Walk toward the now closed campground area just a few yards to the west. Take the southerly camp road to the left and follow this road in the opposite directions as the arrows indicate a driver would go. Find campsite C51. The fun here will be trying to make out the now faded campsite numbers. At the back of the parking pad for site C51 is a tree. Go to the back of the tree and look at eye level in the tree, wedged in between branches, for the letterbox. Re-wedge it tightly so that it will outlast the hurricanes that are sure to come through here.
Box#2: OBX - Waves
Waves was part of the Chicamacomico Banks and was named South Rodanthe until the postal service came and renamed it Waves, for obvious reasons.

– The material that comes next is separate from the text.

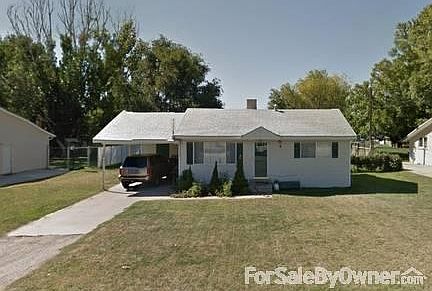 800 Sq. Ft. 1/3 acre (173' deep x 85' wide). Horse pasture behind house.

Waves is a nice quiet beach town.
Continue going in a southerly direction along the camp road from the Rodanthe letterbox. Turn left on the next camp road on the left, going through the wooden posts. You will see a pull out on the right and two pullouts on the left. In between the pullouts on the left is a large tree. Work your way to the base of this tree and look under the branch starting out low to the ground and heading west for the letterbox. Be sure to wedge it back under the branch when you are done stamping in and cover it well.
Box #3: OBX - Salvo:
Salvo was named Clarksville until the post office came to town in 1901. “There’s a legend as to how the name Salvo came about. It’s said that a Union ship proceeding north from Fort Hatteras sailed by this village during the Civil War and that the commander of the ship inquired about its name. He was informed that the village had no name on the Union charts. The commander told the assistant to “give it a salvo anyway” (a firing of the cannon) and the name Salvo was marked on the Union charts. The name was apparently perpetuated on other maps as well so that when the postal service was looking for a name other that South Rodanthe it chose Salvo.
The Salvo Day Use Area is one of the two best soundside beaches for families on Hatteras Isalnd (the other is Canadian Hole/The Haulover just south of Avon). When the ocean is too rough, this is a great place to bring the kids.
From the Waves letterbox return to the main camp road you just came from. Make a left on this road and continue against the arrows. In between campsites B7 and B5 is a tall tree. Look at the base of this tree for the Salvo letterbox. Be sure to put the sticks back on top of it to keep it weighed down.